Problem details: In full and without edits, write out the data that follows.

[Exercise data]

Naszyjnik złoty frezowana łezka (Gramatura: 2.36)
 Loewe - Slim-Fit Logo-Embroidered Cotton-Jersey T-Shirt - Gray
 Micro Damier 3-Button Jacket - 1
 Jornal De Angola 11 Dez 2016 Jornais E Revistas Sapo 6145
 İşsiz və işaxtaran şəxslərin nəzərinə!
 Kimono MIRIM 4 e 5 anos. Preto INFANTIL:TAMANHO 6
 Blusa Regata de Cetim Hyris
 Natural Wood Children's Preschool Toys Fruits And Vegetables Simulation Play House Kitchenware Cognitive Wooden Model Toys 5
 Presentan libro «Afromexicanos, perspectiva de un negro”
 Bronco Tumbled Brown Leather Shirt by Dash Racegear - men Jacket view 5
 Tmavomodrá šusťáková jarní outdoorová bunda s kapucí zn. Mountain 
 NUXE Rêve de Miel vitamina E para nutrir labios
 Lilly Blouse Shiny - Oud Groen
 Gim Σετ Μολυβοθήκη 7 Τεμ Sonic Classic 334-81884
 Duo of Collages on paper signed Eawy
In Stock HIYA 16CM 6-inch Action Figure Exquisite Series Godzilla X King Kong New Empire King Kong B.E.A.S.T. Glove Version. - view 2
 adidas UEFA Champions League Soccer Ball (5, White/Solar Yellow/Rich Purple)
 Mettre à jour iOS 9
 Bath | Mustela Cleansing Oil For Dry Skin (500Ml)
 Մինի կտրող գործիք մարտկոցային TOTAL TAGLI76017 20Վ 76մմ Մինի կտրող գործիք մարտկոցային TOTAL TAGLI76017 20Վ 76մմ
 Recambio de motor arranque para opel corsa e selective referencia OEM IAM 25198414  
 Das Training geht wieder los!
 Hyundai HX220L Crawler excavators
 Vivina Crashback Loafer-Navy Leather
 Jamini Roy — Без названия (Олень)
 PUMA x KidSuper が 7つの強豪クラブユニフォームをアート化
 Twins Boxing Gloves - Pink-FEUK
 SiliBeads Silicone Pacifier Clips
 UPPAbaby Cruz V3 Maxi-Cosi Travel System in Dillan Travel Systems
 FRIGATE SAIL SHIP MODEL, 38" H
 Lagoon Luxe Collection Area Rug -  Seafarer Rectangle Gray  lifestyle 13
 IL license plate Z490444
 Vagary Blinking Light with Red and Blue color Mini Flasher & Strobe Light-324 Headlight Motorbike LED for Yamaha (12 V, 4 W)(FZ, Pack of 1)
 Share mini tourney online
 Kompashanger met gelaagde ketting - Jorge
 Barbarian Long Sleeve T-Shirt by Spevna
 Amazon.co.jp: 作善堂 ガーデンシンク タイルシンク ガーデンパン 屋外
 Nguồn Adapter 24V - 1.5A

[/Exercise data]

Answer space:
Naszyjnik złoty frezowana łezka (Gramatura: 2.36)
 Loewe - Slim-Fit Logo-Embroidered Cotton-Jersey T-Shirt - Gray
 Micro Damier 3-Button Jacket - 1
 Jornal De Angola 11 Dez 2016 Jornais E Revistas Sapo 6145
 İşsiz və işaxtaran şəxslərin nəzərinə!
 Kimono MIRIM 4 e 5 anos. Preto INFANTIL:TAMANHO 6
 Blusa Regata de Cetim Hyris
 Natural Wood Children's Preschool Toys Fruits And Vegetables Simulation Play House Kitchenware Cognitive Wooden Model Toys 5
 Presentan libro «Afromexicanos, perspectiva de un negro”
 Bronco Tumbled Brown Leather Shirt by Dash Racegear - men Jacket view 5
 Tmavomodrá šusťáková jarní outdoorová bunda s kapucí zn. Mountain 
 NUXE Rêve de Miel vitamina E para nutrir labios
 Lilly Blouse Shiny - Oud Groen
 Gim Σετ Μολυβοθήκη 7 Τεμ Sonic Classic 334-81884
 Duo of Collages on paper signed Eawy
In Stock HIYA 16CM 6-inch Action Figure Exquisite Series Godzilla X King Kong New Empire King Kong B.E.A.S.T. Glove Version. - view 2
 adidas UEFA Champions League Soccer Ball (5, White/Solar Yellow/Rich Purple)
 Mettre à jour iOS 9
 Bath | Mustela Cleansing Oil For Dry Skin (500Ml)
 Մինի կտրող գործիք մարտկոցային TOTAL TAGLI76017 20Վ 76մմ Մինի կտրող գործիք մարտկոցային TOTAL TAGLI76017 20Վ 76մմ
 Recambio de motor arranque para opel corsa e selective referencia OEM IAM 25198414  
 Das Training geht wieder los!
 Hyundai HX220L Crawler excavators
 Vivina Crashback Loafer-Navy Leather
 Jamini Roy — Без названия (Олень)
 PUMA x KidSuper が 7つの強豪クラブユニフォームをアート化
 Twins Boxing Gloves - Pink-FEUK
 SiliBeads Silicone Pacifier Clips
 UPPAbaby Cruz V3 Maxi-Cosi Travel System in Dillan Travel Systems
 FRIGATE SAIL SHIP MODEL, 38" H
 Lagoon Luxe Collection Area Rug -  Seafarer Rectangle Gray  lifestyle 13
 IL license plate Z490444
 Vagary Blinking Light with Red and Blue color Mini Flasher & Strobe Light-324 Headlight Motorbike LED for Yamaha (12 V, 4 W)(FZ, Pack of 1)
 Share mini tourney online
 Kompashanger met gelaagde ketting - Jorge
 Barbarian Long Sleeve T-Shirt by Spevna
 Amazon.co.jp: 作善堂 ガーデンシンク タイルシンク ガーデンパン 屋外
 Nguồn Adapter 24V - 1.5A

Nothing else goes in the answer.